Resultados e Discussão

O diagnóstico participativo, como etapa preliminar desta investigação, alcançou a amostra calculada e apresentou indicadores que evidenciaram as principais temáticas para enfrentamento na ótica da população local. A frequência dos resultados foi organizada em tendências positivas e negativas, as quais representam os potenciais e os desafios da comunidade na vertente socioambiental. À guisa de síntese, agrupamos as informações nas Tabelas 1 e 2 para destacar os pontos mais relevantes da coleta de dados.

Tabela 1
Potenciais mais relevantes apontados pela comunidade

Em relação aos potenciais, verificamos que na infraestrutura prevaleceu avaliação positiva sob os serviços públicos oferecidos à comunidade, com destaque para a coleta convencional de lixo domiciliar. O comércio local foi outro item bem avaliado pelos moradores, o qual foi ratificado por outras afirmativas, dentre elas os hábitos de fazer compras nos estabelecimentos do próprio bairro.

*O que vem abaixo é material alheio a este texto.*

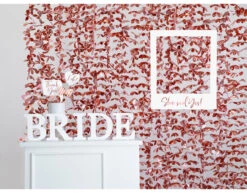 Witte Letter R Hout 20cm -Feestartikelen Winkel witte letter r hout 20cm 4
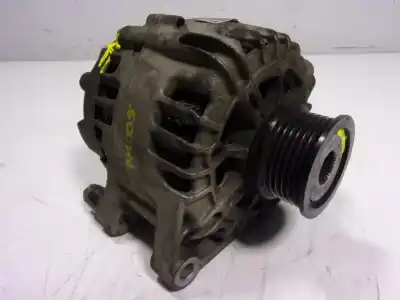 Автозапчастина б/у ГЕНЕРАТОР для FORD C-MAX II (DXA/CB7, DXA/CEU)  Посилання на OEM IAM 2251619 AV6N10300DC 
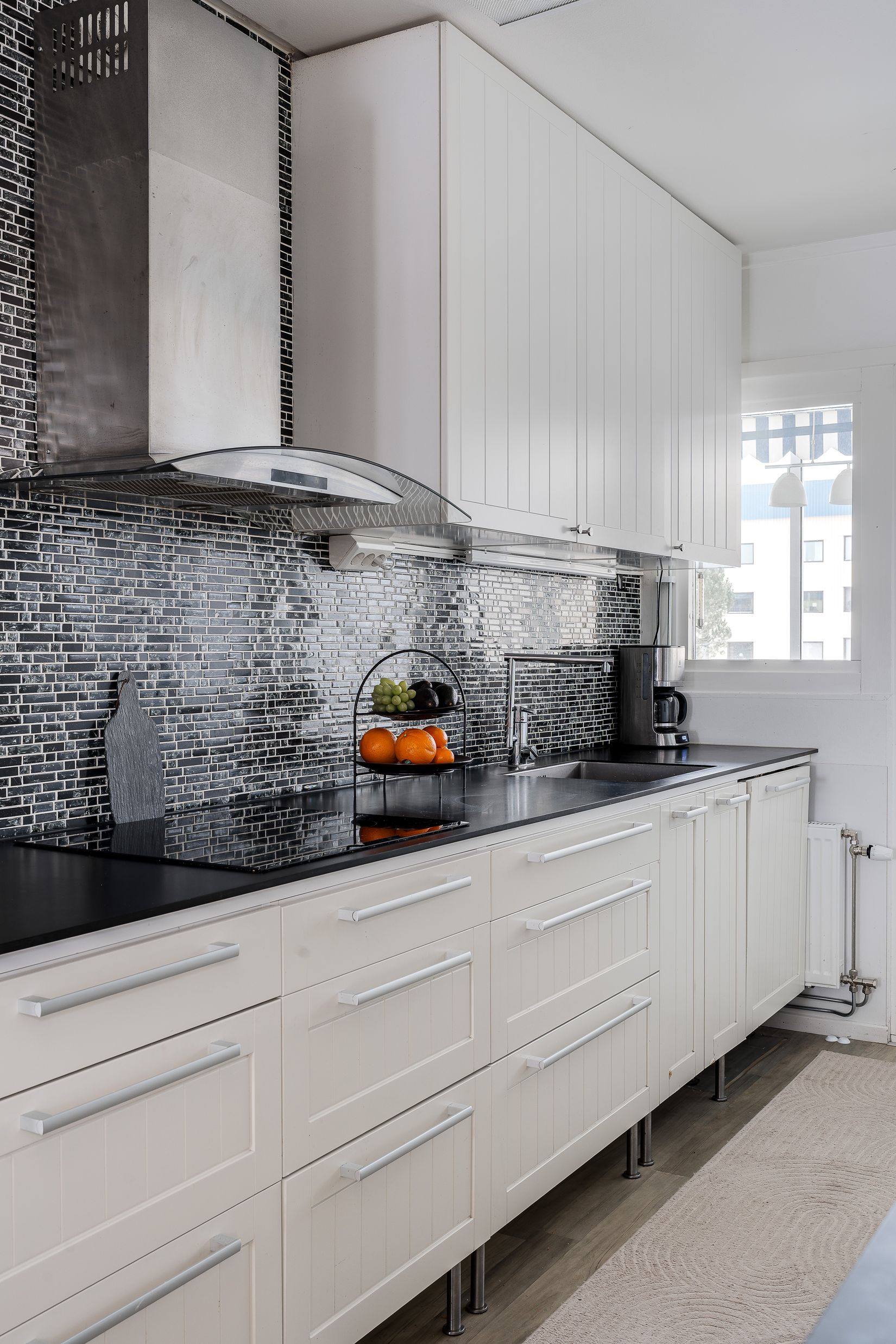 Bostadsrätt, Spjutgatan 16, Ektorp, Norrköping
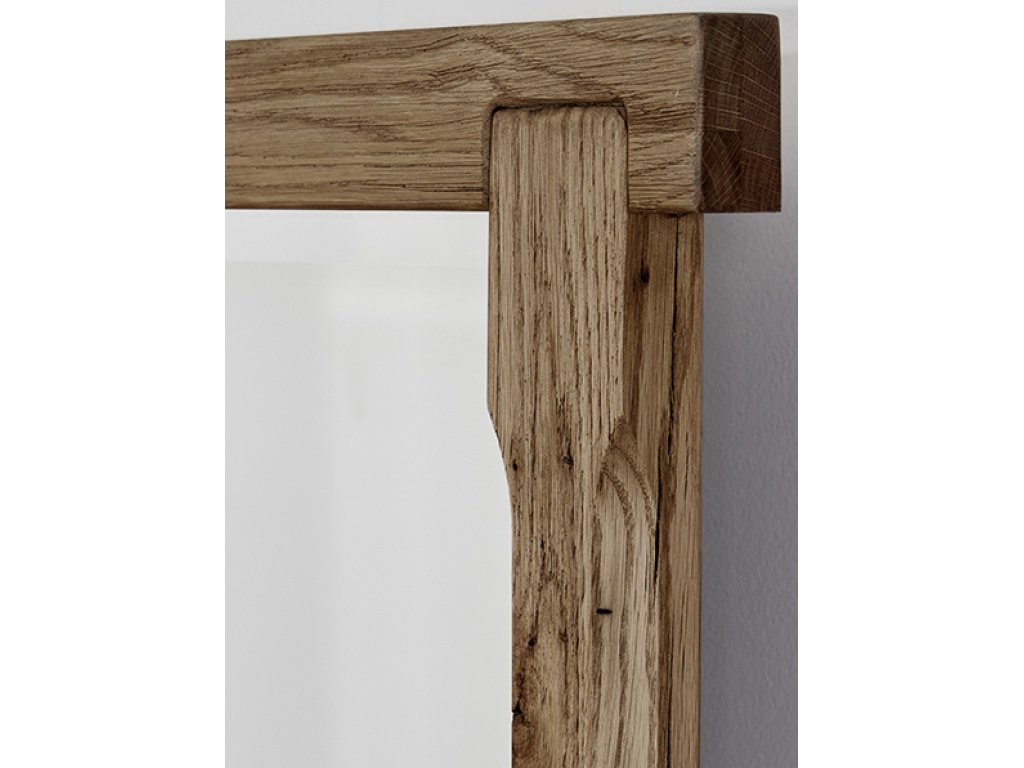 Amer. Dovetail Mirror - image 2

O aspecto de maior desafio apresentado pelos respondentes predominou sobre a questão envolvendo resíduos eletrônicos, mostrando ser um tema ainda pouco trabalhado na comunidade ou com baixos índices de eficácia. Trata-se de um problema que se agrava ainda mais à medida que a comunidade não tem o hábito de separar e destinar apropriadamente esse tipo de material, fator observado tanto nos resultados da pesquisa social quanto na visualização in loco feita durante o percurso porta a porta para aplicação do questionário, quando foi deflagrada a prática de descarte irregular de resíduos eletrônicos nas calçadas.

Os itens que avaliaram a interatividade da comunidade com a igreja e com a escola apresentaram os melhores índices de participação social, demonstrando que essas instituições exercem sua missão agregando valor à realidade dos moradores. O que significa dizer que há uma forte tendência de que estas instituições assumem posição de maior liderança comunitária.

Finalmente, dado enfoque à destinação de resíduos, verificamos que a comunidade tende a fazer em casa a separação correta do óleo de cozinha saturado, constituindo uma atitude positiva da comunidade para o meio ambiente, tendo em vista que mais de 80% dos respondentes declararam não descartar o óleo na rede pública de esgoto, mas sim destiná-lo a algum processo de reutilização.

Tabela 2
Desafios mais relevantes apontados pela comunidade

Quanto aos desafios mais relevantes, a avaliação dos respondentes recaiu sobre os resíduos eletrônicos. Os moradores apontaram alto índice de insatisfação com a coleta dos materiais eletrônicos que a eles é oferecida, o que certamente influencia os hábitos irregulares de descarte desses resíduos nas ruas, conforme destacado anteriormente. Da mesma forma, a maioria da população local evidenciou que destinam os resíduos de origem orgânica como rejeito para o aterro sanitário. Ambas as questões contribuem para agravamento do panorama brasileiro sobre os resíduos sólidos, em que 46% dos municípios ainda não possuem se quer um plano de gestão de seus resíduos (BRASIL, 2018).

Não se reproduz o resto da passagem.